L’opuscolo in appendice è corredato da una serie di corrispondenze dello stesso Voltaire, tra le quali spicca quella scritta proprio all’avvocato de Beaumont. La lettura di Due casi di parricidio è raccomandata non solo per la straordinaria testimonianza storica riguardo a due casi esemplari di cronaca giudiziaria ma anche per la capacità dell’autore di Candido, di partire da vicende della vita di tutti i giorni, per elevare il discorso proferendo un nobilissimo quanto serrato j’accuse contro l’ignoranza, il pregiudizio, l’intolleranza. Bersagli prediletti le  dispute e le guerre di religione (“posso affermare che l’Europa sarebbe più popolata di un terzo se non ci fossero stati degli argomenti teologici”), le grottesche credenze nella magia, nelle streghe e nel diavolo (“quando finalmente la filosofia ha incominciato a illuminare un po’ gli uomini, la caccia alle streghe è terminata e loro sono scomparse dalla faccia della terra”), monaci e prelati, specialmente di cattolica romana chiesa, che il filosofo chiama “nemici del genere umano, nemici gli uni degli altri e di loro stessi, incapaci di conoscere le delizie della società, bisognava ben che la odiassero”, infidi personaggi sempre pronti a impadronirsi delle coscienze e dei beni materiali delle loro vittime.

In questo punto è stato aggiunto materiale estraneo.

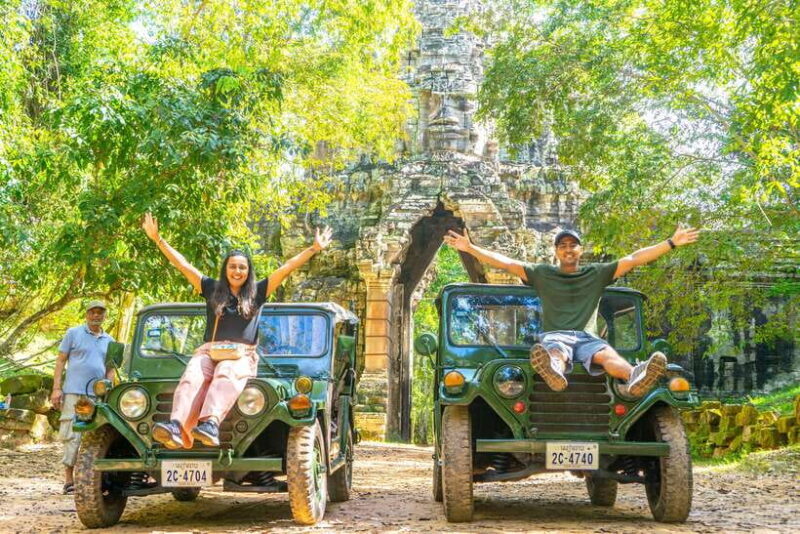Angkor Wat: Sunrise Jeep Tour with Breakfast and Lunch - Key Points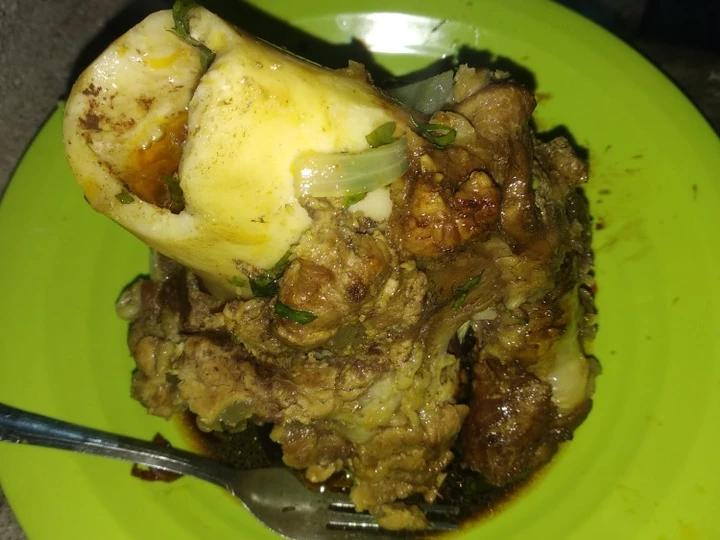 Langkah Gampang Membikin Resep Sop Kari Tulang sapi yang Bikin Ngiler Anti Ribet, Lezat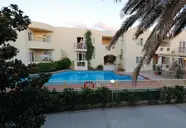 Lambrinos Suites Aparthotel
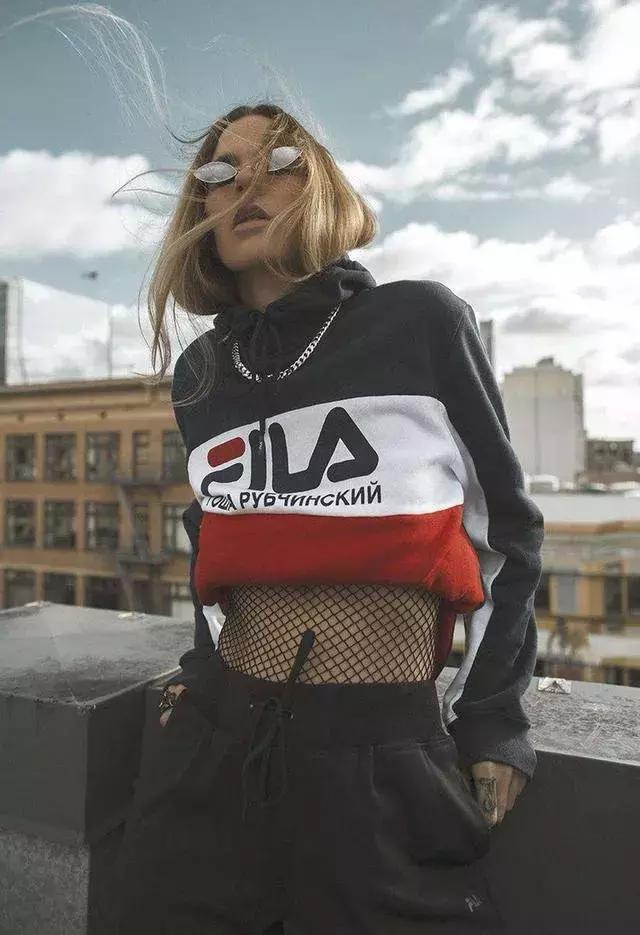 安踏是如何超越耐克,安踏如何打败耐克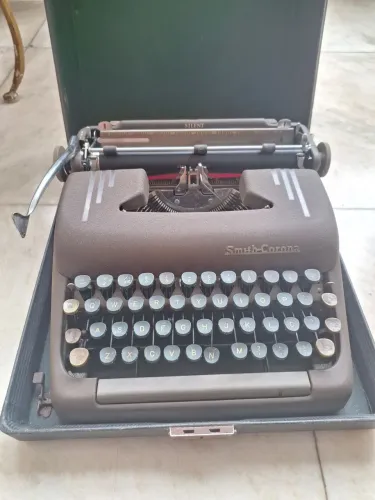 Vendo maleta de escrever portatil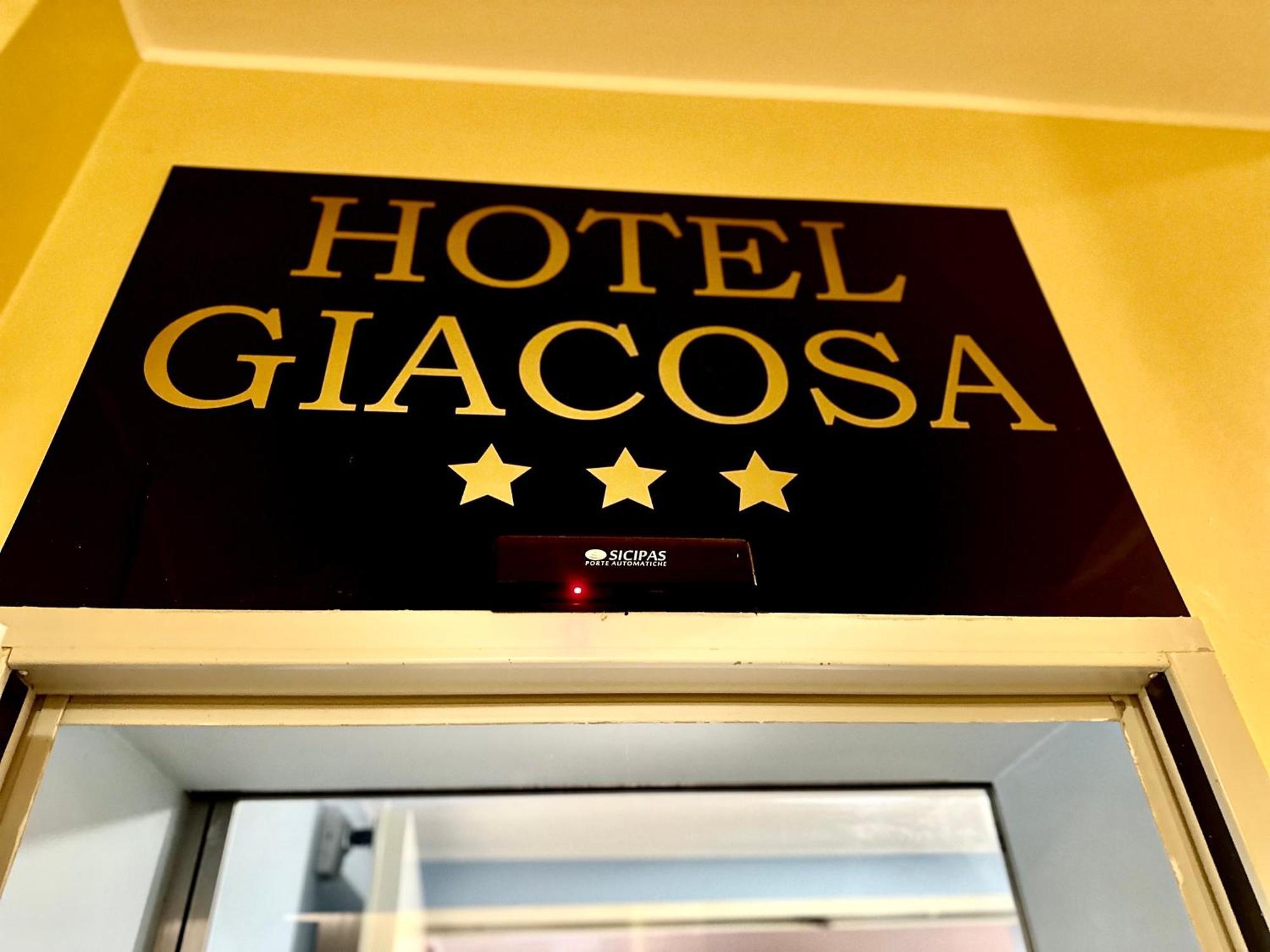 Hotel Giacosa Милано Екстериор снимка
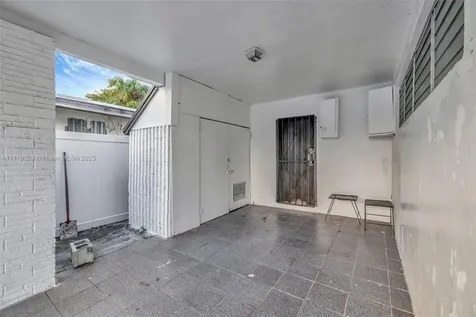 2981 NW 7th Court Fort Lauderdale FL 33311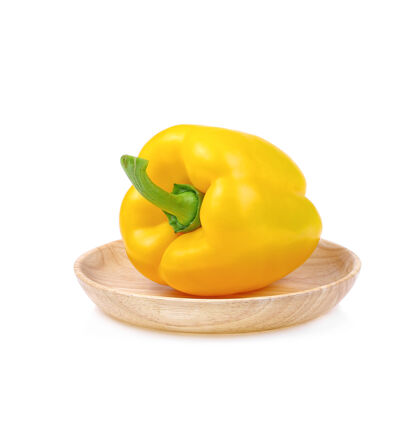 有机在白色背景上隔离的甜黄色胡椒蔬菜烹饪饮食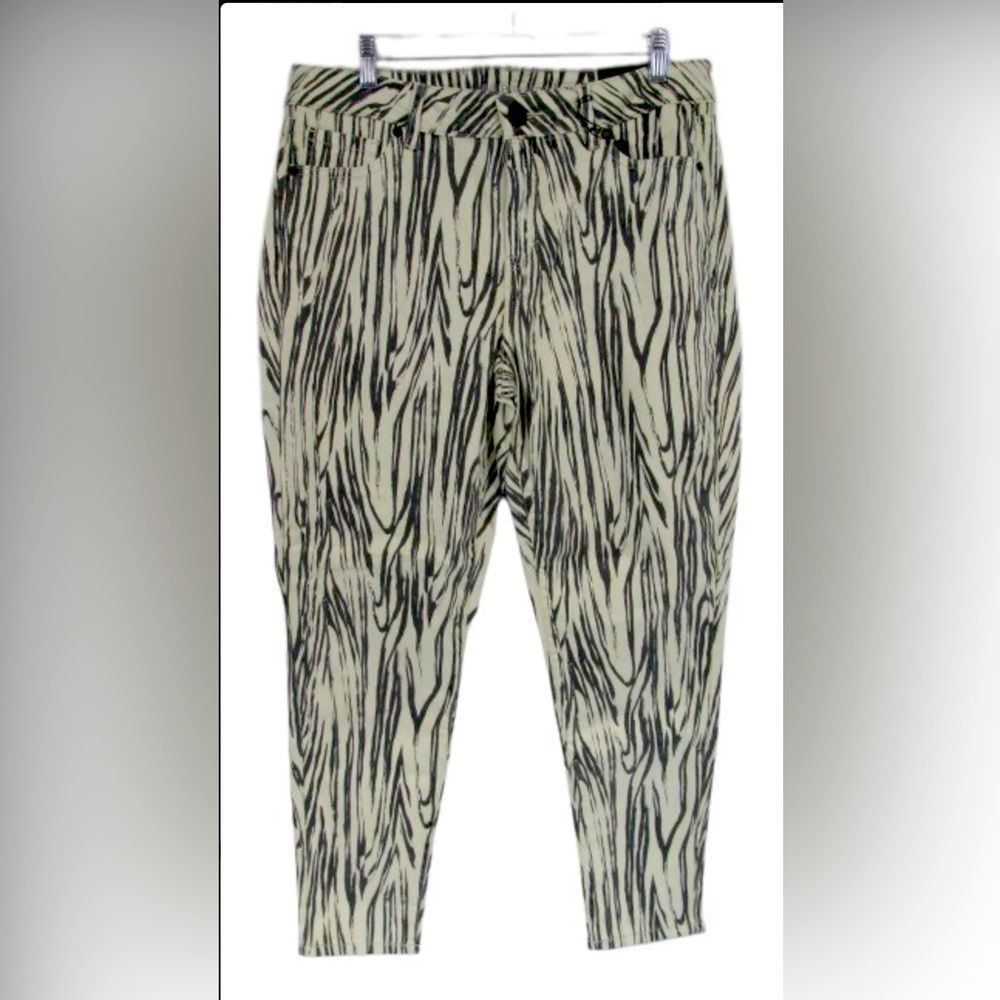 LANE BRYANT
Skinny Super Stretch Jeans
'Zebra'
Womens (Size 16)
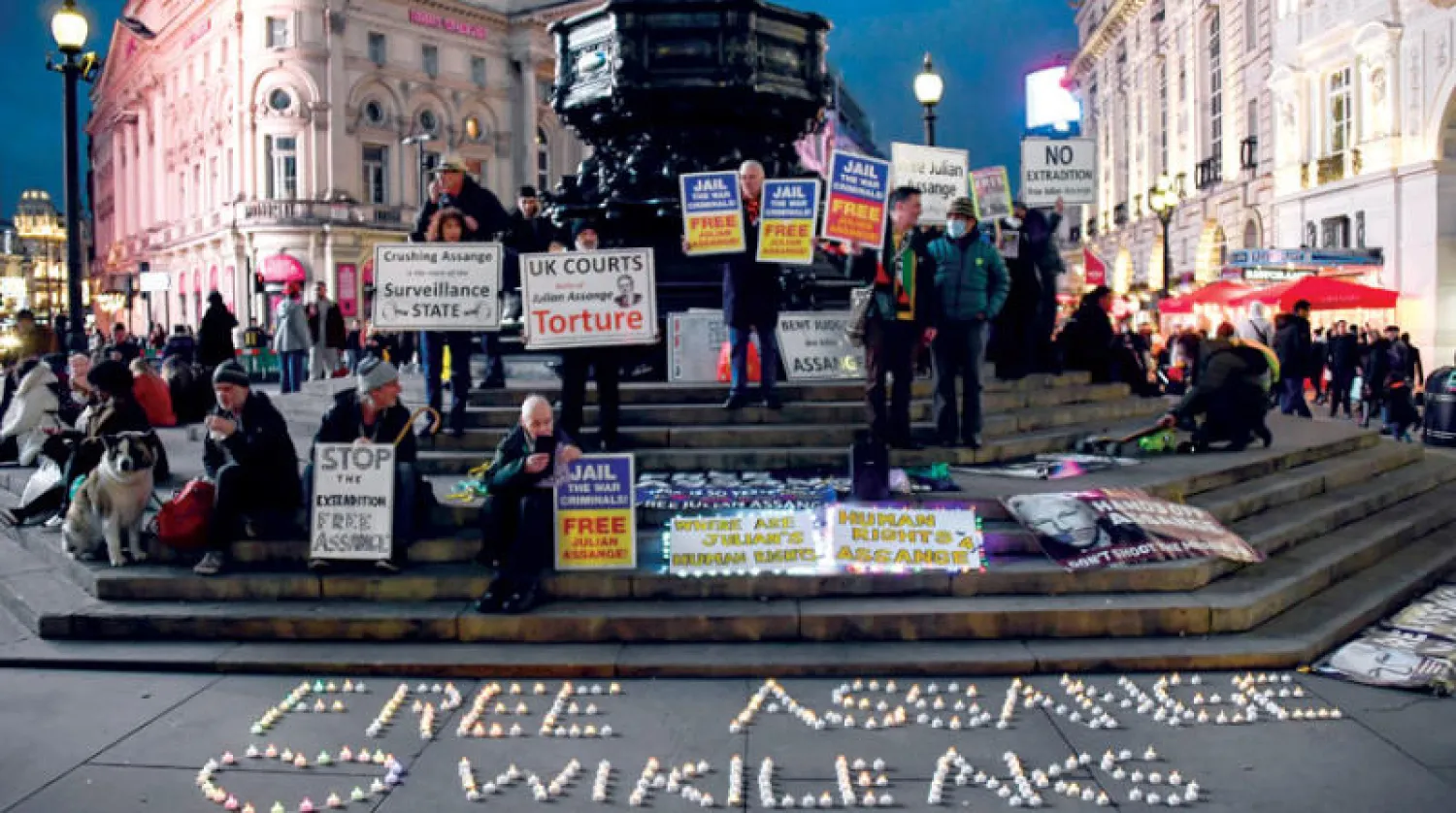 مظاهرة داعمة للإفراج عن أسانج في لندن في 12 ديسمبر الماضي (أ.ب)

Voltaire è il tipo di intellettuale engagé, alla maniera di Hugo, Zola e Lazare, che non poteva non piacere a Jean Paul Sartre che in Situations II scriveva: “Ritengo Flaubert e Goncourt responsabili della repressione che seguì alla Comune, perché essi non hanno scritto una riga per impedirla”. E sembra proprio che Voltaire avesse coscienza di questo altissimo compito: “Per le orribili sventure dei Calas e dei Sirven ho dunque fatto quello che fanno tutti gli uomini: ho seguito la mia predisposizione. Quella di un filosofo non è di compatire gli sventurati, ma di servirli”. E forse non poteva immaginare che sarebbe diventato, per la sua capacità di mobilitare l’opinione pubblica, antesignano dell’avvocato Peter Benenson, che nel 1961 fonderà Amnesty International.

Una lezione quantomai attuale quella di Voltaire rispetto ai nostri intellettuali odierni troppo televisivi, baciapile e proni di fronte ai potenti di turno. E attualissimo il suo Écrasez l’infâme!